Tutorial: making an MP3 for an online journal, part I

It’s becoming more common for online journals or print journals with a web presence to request that their writers send them MP3 files of the accepted piece being read by the writer. I love this trend – I’m always delighted to hear poems read aloud, the differently nuanced words, the surprise of a writer’s voice.

It was good fortune that PANK Magazine was the first journal to ask me to record an MP3 – they sent me a link to Audacity, a free, open-source software program for Mac, PC, and Linux users. Here’s the link to Audacity:

Most of you will be all set at this point, since all the newer Macs and PCs have built-in microphones. For those of you with older computers, run out to your nearest electronic shop and invest in a $30 webcam with microphone (the one I use is Logitech, though I’m sure there are lots of good brands). Setup takes about 90 seconds. You’ll also be able to Skype with all your faraway friends and family for free, so it really is worth that small investment. 

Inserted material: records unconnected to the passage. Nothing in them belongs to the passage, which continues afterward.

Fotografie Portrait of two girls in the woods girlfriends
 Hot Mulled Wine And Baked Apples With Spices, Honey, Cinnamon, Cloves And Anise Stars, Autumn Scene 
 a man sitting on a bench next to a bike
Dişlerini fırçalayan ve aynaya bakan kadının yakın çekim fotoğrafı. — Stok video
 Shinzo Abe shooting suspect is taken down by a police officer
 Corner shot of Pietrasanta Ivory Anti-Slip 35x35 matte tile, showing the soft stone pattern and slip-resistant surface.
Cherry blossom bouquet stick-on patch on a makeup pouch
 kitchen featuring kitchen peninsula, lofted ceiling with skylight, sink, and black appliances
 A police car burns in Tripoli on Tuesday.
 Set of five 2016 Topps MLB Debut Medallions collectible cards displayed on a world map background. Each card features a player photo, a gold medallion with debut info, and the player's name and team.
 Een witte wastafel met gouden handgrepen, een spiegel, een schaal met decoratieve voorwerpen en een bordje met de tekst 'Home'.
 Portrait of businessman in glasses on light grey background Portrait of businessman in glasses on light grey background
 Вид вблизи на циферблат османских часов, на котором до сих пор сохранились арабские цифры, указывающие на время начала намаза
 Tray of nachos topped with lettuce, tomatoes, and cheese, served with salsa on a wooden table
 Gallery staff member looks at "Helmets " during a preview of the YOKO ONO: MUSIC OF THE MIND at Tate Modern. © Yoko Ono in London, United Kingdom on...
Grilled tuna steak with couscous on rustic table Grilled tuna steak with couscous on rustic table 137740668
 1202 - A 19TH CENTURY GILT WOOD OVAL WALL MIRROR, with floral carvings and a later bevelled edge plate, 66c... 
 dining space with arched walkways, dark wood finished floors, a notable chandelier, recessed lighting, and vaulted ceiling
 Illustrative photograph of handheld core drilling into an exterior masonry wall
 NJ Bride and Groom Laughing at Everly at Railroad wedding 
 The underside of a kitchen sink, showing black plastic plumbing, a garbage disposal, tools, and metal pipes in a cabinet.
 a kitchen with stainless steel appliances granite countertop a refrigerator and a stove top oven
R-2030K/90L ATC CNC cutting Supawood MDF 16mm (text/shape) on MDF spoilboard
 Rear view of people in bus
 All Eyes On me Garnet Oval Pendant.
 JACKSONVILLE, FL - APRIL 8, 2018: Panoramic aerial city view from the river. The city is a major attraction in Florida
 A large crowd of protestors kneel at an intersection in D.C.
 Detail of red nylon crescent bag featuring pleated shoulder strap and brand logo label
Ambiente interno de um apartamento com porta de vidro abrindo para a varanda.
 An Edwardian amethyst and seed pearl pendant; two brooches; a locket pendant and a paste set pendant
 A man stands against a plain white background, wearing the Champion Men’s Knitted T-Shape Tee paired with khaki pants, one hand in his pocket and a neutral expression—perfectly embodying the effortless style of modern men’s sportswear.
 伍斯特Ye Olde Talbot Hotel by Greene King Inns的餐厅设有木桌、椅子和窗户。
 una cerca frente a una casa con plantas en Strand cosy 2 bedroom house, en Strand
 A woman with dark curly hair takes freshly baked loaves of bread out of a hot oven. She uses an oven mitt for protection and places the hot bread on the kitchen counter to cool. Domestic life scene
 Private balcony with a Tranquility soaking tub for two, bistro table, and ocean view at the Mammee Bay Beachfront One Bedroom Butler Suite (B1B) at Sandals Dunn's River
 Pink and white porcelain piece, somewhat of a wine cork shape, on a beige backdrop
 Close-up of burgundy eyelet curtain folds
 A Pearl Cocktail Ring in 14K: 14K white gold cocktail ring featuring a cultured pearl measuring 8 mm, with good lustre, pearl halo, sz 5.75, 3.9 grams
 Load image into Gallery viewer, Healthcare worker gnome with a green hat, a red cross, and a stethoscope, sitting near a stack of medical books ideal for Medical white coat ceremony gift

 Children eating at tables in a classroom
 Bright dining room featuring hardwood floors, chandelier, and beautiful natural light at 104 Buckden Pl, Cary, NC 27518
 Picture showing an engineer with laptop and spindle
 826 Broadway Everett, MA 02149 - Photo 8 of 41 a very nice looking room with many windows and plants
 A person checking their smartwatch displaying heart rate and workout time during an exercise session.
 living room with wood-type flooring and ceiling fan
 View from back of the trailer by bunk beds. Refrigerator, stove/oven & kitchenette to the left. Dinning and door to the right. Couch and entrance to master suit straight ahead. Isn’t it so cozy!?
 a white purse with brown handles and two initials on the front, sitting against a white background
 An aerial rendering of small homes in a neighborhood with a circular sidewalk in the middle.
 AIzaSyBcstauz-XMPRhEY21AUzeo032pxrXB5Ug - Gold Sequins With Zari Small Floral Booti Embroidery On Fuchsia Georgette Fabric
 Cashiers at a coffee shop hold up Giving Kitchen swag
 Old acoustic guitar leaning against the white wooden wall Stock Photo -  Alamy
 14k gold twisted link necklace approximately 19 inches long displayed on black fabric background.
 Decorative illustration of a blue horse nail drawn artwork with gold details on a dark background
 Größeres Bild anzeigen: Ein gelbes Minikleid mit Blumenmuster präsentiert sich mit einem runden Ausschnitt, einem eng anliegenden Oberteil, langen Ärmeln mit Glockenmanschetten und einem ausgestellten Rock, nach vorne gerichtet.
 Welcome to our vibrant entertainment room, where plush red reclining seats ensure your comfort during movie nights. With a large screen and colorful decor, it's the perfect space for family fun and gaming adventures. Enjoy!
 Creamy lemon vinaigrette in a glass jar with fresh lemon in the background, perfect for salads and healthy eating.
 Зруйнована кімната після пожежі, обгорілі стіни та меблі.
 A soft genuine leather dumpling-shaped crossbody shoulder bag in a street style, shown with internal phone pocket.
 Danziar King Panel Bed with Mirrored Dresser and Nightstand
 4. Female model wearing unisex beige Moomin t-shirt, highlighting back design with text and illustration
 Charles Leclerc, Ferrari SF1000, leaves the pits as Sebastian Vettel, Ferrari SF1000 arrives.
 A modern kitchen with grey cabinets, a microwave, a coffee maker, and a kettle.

With Audacity now installed, give the software a test run. The buttons you’ll care most about are the big colored buttons top left, and on my Mac they look grayed out as if they weren’t available. Ignore the grayscale – they’ll work. Hit the red record button and sing a few notes. You can playback by tapping the purple arrows that point left, then tap the green play button. Grimace as you listen to yourself sing. Aren’t you glad you’re a writer? 

Now you can try recording some takes of your poem. I like to print out the poem first rather than fumbling with the down key and the on-screen version, though I sometimes get paper rattle noises if I’m not careful. If I mess up, I ditch that attempt and start over, since it’s harder to smooth out stops and starts in a recording. I’ll give my big tip on (almost) studio-quality recordings in part II of this tutorial. 

Once I have a recording I like, I usually go back and delete the fumbling sounds at the beginning and ending of the recording (from me starting and stopping Audacity). To edit, just click and drag your cursor over the second(s) you don’t like, then hit delete. There’s an undo button (arrow curving left) if you mess up. I’ve never bothered with any of the other buttons, but if you’re an AV-type person, have at it.

I usually save this file (by clicking File > Save Project) in its raw format, .aup. Then I export the file as an MP3 (by clicking File > Export As MP3). That’s the version you’ll send to the journal as an email attachment. 

I love this trend in online publishing, and I hope it’s more widely used as editors and writers become comfortable with the technology.